Exercise aim: All pictures are to be omitted while the lines starting at the line with "Property for Rent: Marvel Loch, WA 6426" and ending at the line with "Ragazzi Sticker" in the material below are retyped exactly, both ends included.

(Beginning of Exercise data)

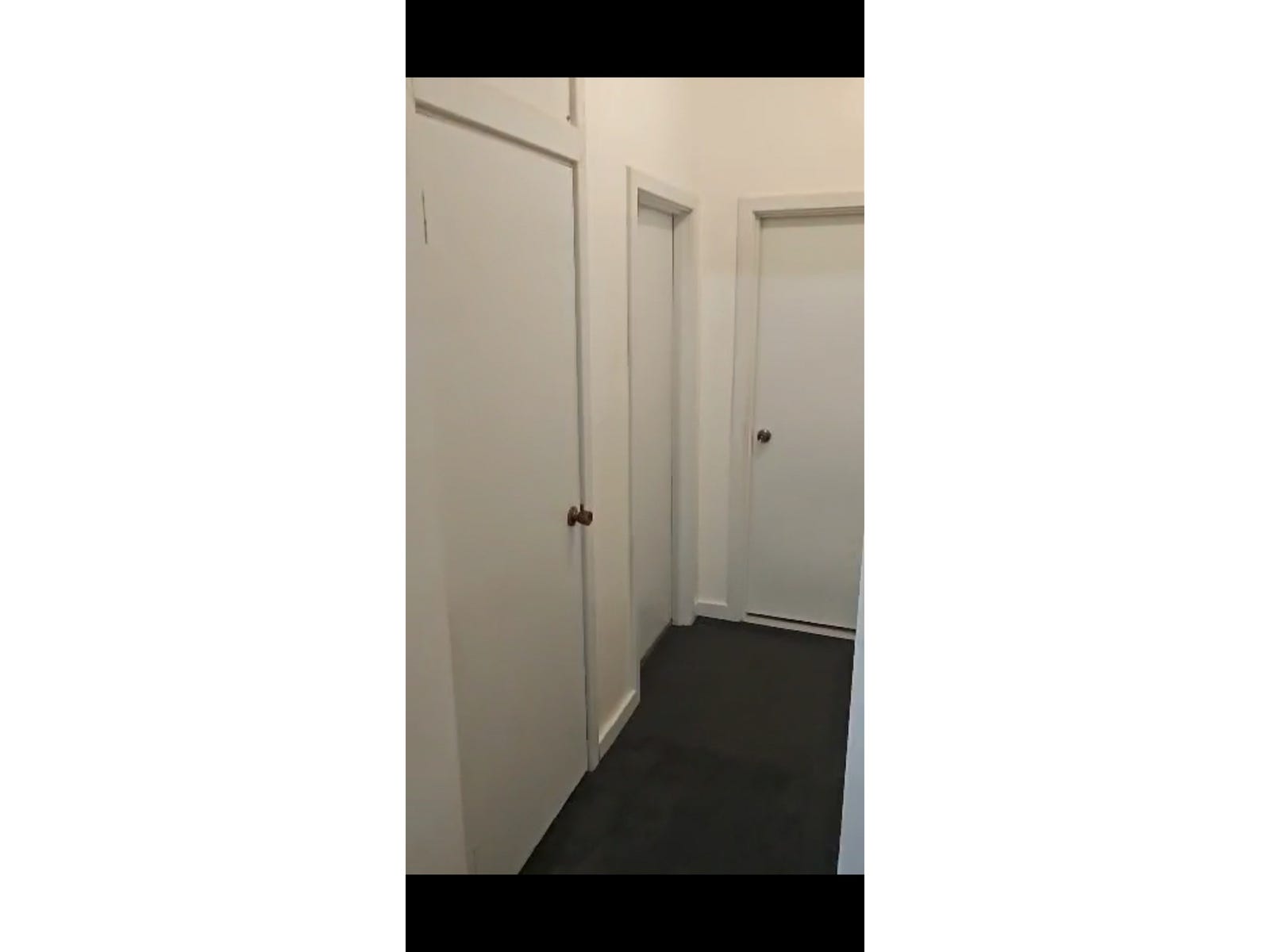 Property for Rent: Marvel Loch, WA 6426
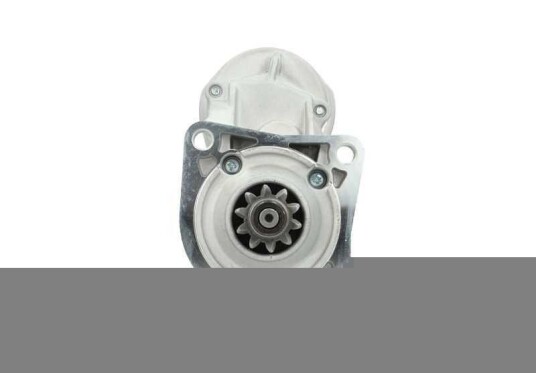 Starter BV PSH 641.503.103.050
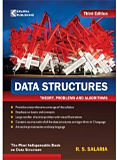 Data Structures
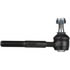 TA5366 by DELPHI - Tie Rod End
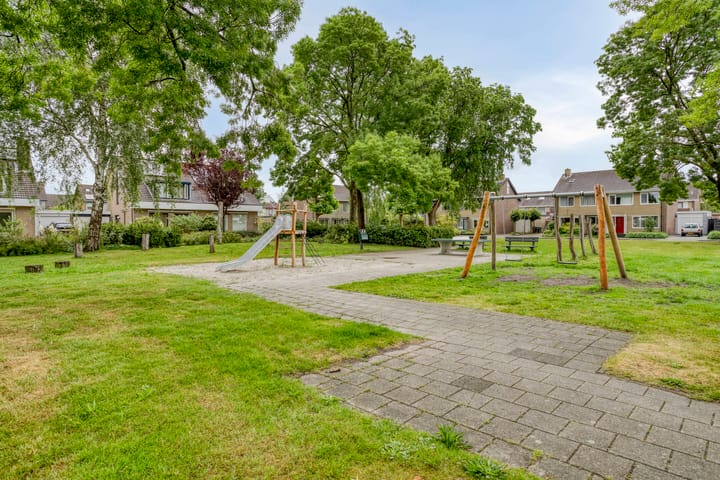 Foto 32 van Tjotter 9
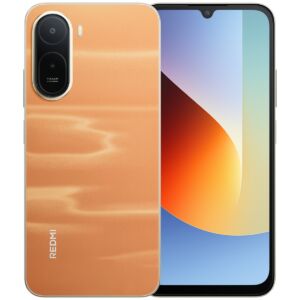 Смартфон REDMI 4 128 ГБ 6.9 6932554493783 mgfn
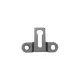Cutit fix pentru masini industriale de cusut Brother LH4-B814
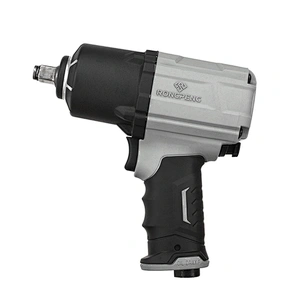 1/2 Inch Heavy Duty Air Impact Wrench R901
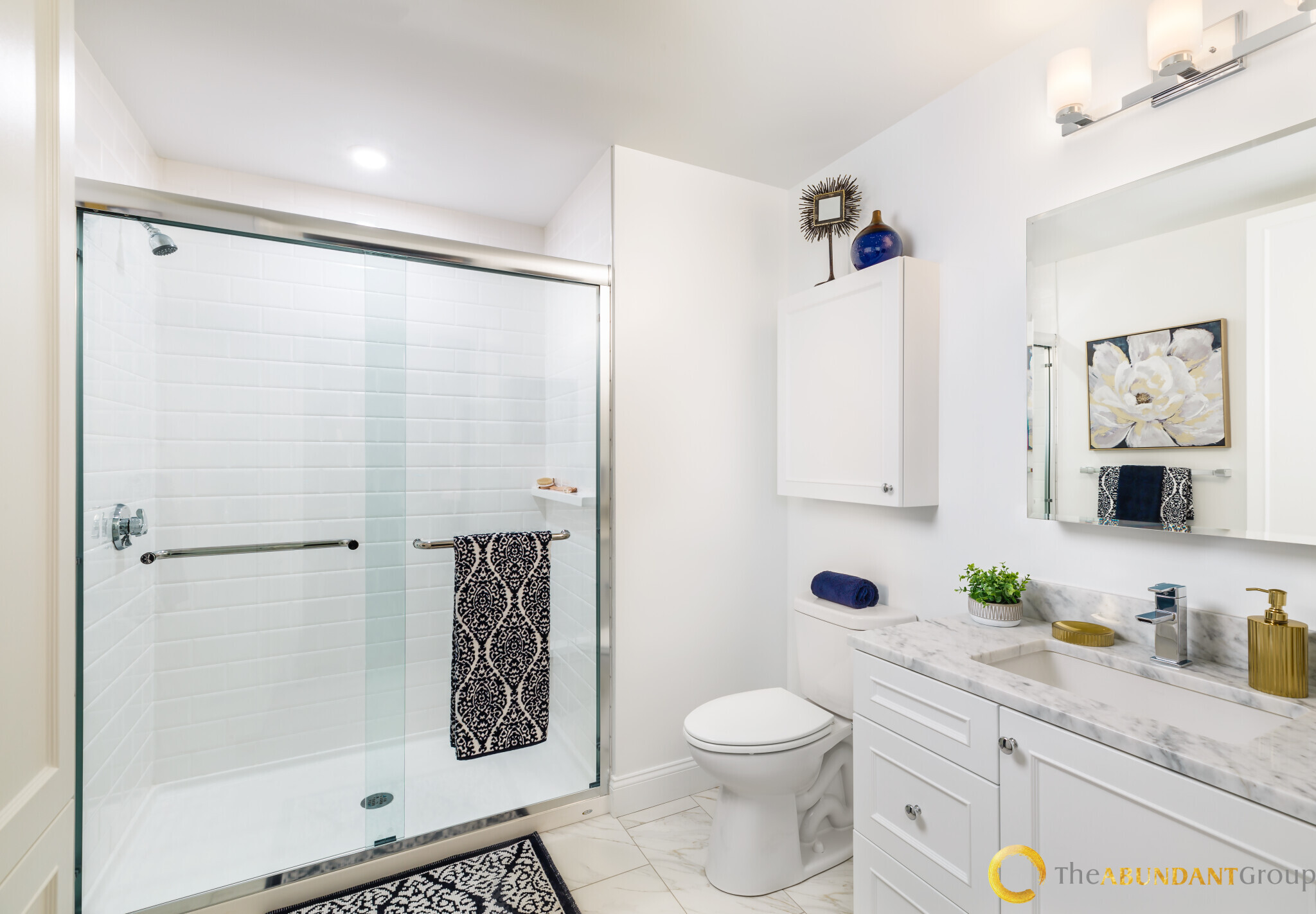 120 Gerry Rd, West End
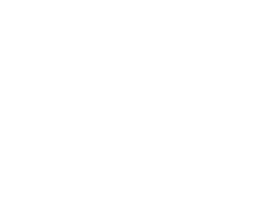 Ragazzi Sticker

(End of Exercise data)
(Beginning of Exercise data)

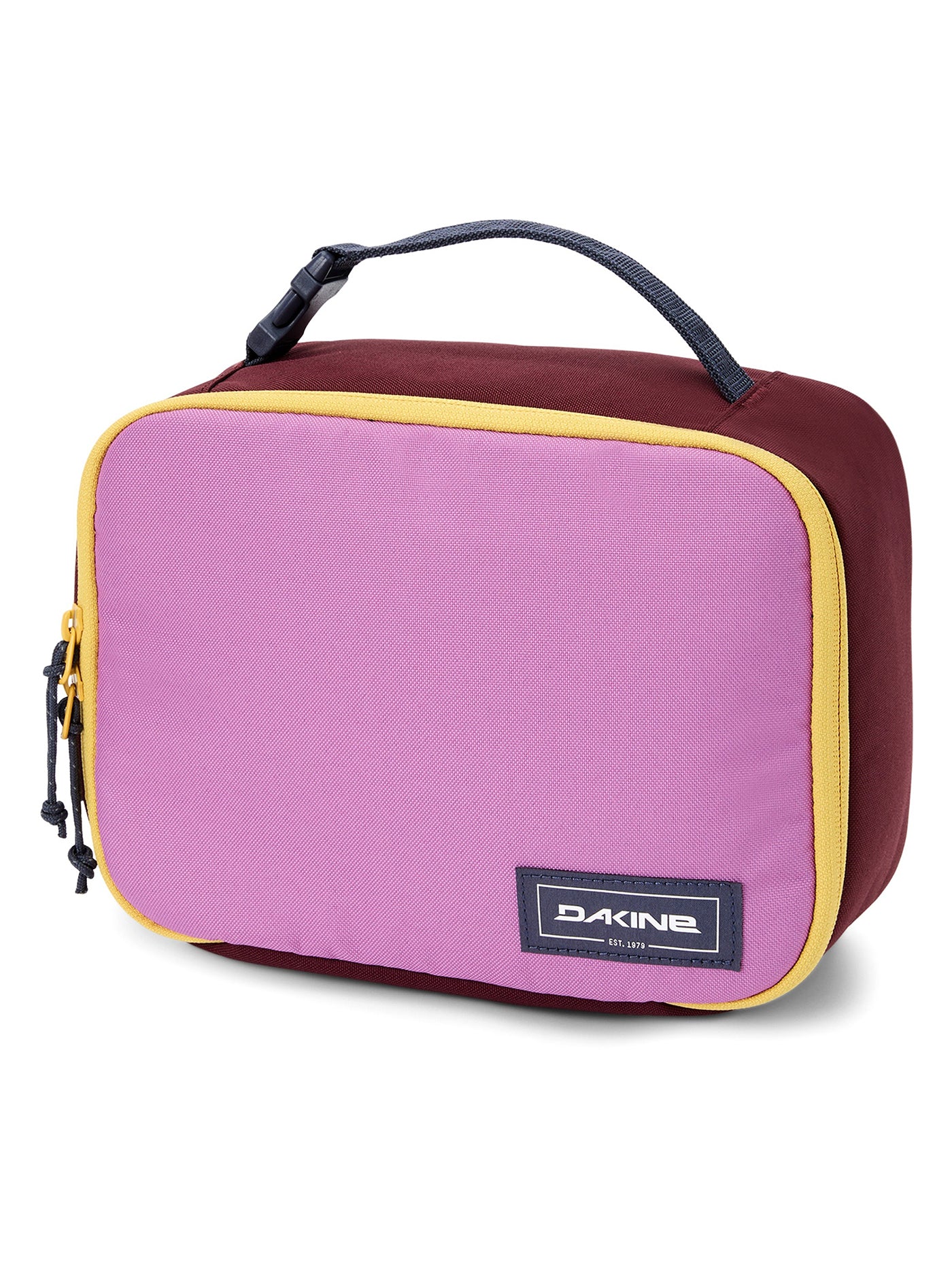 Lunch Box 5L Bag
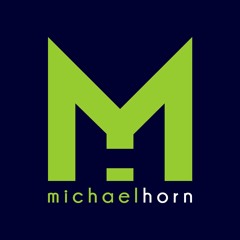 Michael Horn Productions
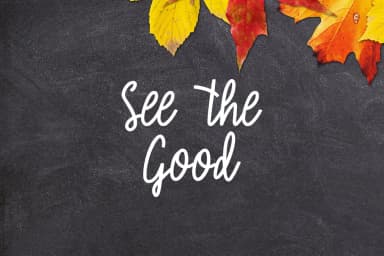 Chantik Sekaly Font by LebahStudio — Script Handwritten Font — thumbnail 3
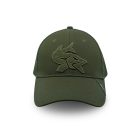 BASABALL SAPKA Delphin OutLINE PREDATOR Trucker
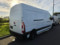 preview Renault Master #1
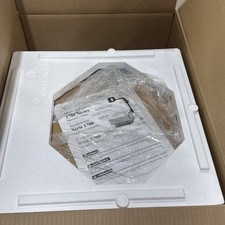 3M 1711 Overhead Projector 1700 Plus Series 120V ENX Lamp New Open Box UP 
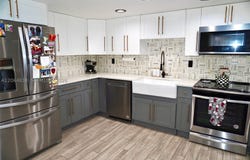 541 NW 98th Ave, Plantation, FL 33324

(End of Exercise data)

Exercise solution:
 Property for Rent: Marvel Loch, WA 6426
 Starter BV PSH 641.503.103.050
 Data Structures
 TA5366 by DELPHI - Tie Rod End
 Foto 32 van Tjotter 9
 Смартфон REDMI 4 128 ГБ 6.9 6932554493783 mgfn
Cutit fix pentru masini industriale de cusut Brother LH4-B814
 1/2 Inch Heavy Duty Air Impact Wrench R901
 120 Gerry Rd, West End
 Ragazzi Sticker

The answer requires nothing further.